The data START

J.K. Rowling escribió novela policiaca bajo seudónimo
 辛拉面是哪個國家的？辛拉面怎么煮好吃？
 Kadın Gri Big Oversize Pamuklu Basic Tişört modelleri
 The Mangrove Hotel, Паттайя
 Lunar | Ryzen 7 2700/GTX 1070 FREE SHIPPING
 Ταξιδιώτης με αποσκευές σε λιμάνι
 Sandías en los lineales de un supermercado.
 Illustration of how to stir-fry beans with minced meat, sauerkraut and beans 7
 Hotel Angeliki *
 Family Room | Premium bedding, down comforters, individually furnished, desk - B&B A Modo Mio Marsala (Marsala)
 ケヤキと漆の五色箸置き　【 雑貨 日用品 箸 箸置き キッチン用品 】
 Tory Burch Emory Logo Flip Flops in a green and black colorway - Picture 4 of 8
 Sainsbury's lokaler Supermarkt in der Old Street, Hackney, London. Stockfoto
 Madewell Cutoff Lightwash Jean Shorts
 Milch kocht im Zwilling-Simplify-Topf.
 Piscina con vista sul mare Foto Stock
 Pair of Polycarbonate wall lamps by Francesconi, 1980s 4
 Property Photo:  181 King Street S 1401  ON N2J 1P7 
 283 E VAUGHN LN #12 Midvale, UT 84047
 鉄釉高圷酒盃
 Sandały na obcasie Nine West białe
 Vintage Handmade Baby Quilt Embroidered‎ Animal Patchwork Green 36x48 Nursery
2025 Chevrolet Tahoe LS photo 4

The data END

* **What needs to be done**: Copy all lines of the records in which the string "Street" can be found.

* **Result of the exercise**:
 Sainsbury's lokaler Supermarkt in der Old Street, Hackney, London. Stockfoto
 Property Photo:  181 King Street S 1401  ON N2J 1P7 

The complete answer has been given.